Buchman would no more formally disown the name than he could formally have adopted it. He accepted it with its advantages and disadvantages. Whether he was wise to do so has been questioned even by friendly critics. Sir Arnold Lunn, for example, wrote that Buchman and his friends were 'bound to have enough trouble on their hands if they confined themselves to their legitimate objective, the campaign against sin, and it was a great mistake to risk a head-on collision not only with sin but also with Oxford'.35 Certainly this first clash immediately affected the policy of The Times and other newspapers, and later became manifest in various government departments where Oxford men abounded.

The disadvantages, indeed, grew with the years. After 1933 the name 'Oxford' stood in the United States for something known there as the 'Oxford Oath' - a pledge adopted by students of many American universities following the example of the majority in the Oxford Union who had declared they would not fight 'for King and Country'. 'Oxford' from this moment stood for 'pacifist' in America, and the Oxford Group there was suspected of both pacifism and Communism. Nor was it a great advantage in countries where British rule was being challenged by nationalist and independence movements, and at one point even Mahatma Gandhi's friendship was strained by this. It finally became, as Sir Michael Sadler had foreseen, too narrow a term and was eventually to give way to 'Moral Re-Armament'.

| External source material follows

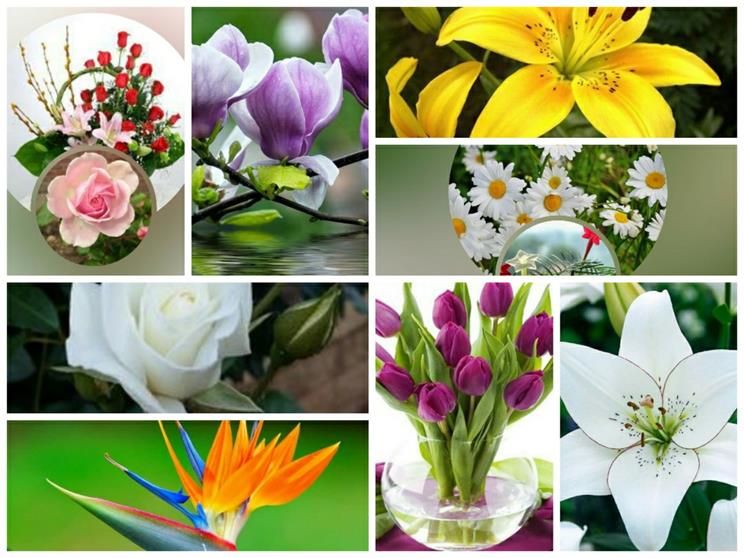 Chi phí thành lập công ty âm nhạc tại Quân Thủ Đức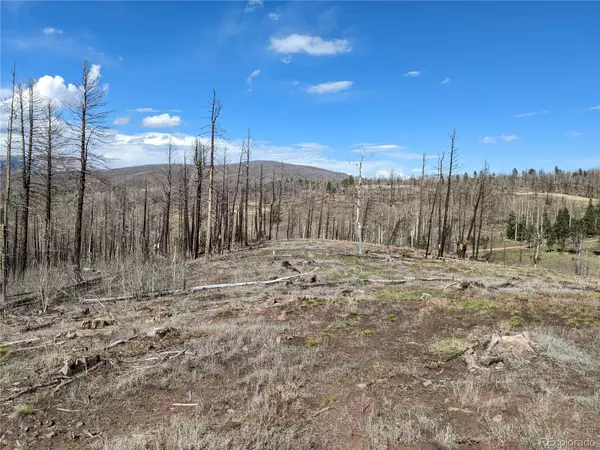 Fort Garland, CO 81133,971 Huntington LN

The controversy over the name did nothing to diminish the interest aroused by the campaign in London during the winter of 1933-4. Seven thousand crowded into St Paul's Cathedral. The Archbishop of Canterbury, receiving the party at Lambeth Palace, pointed to the pictures of his predecessors and said that though many of them would possibly have shared the fears of certain writers to The Times, he for his part was convinced that the Oxford Group was called by God to London.*

(* In August 1934 Dr Lang told his Diocesan Conference: 'The Oxford Group is most certainly doing what the Church of Christ exists everywhere to do. It is changing human lives, giving them a new joy and freedom, liberating them from faults of temper, of domestic relationships, and the like, which have beset them, and giving them a new ardour to communicate to their fellow creatures what God has given to them.' (Church of England Newspaper, 14 September 1934.)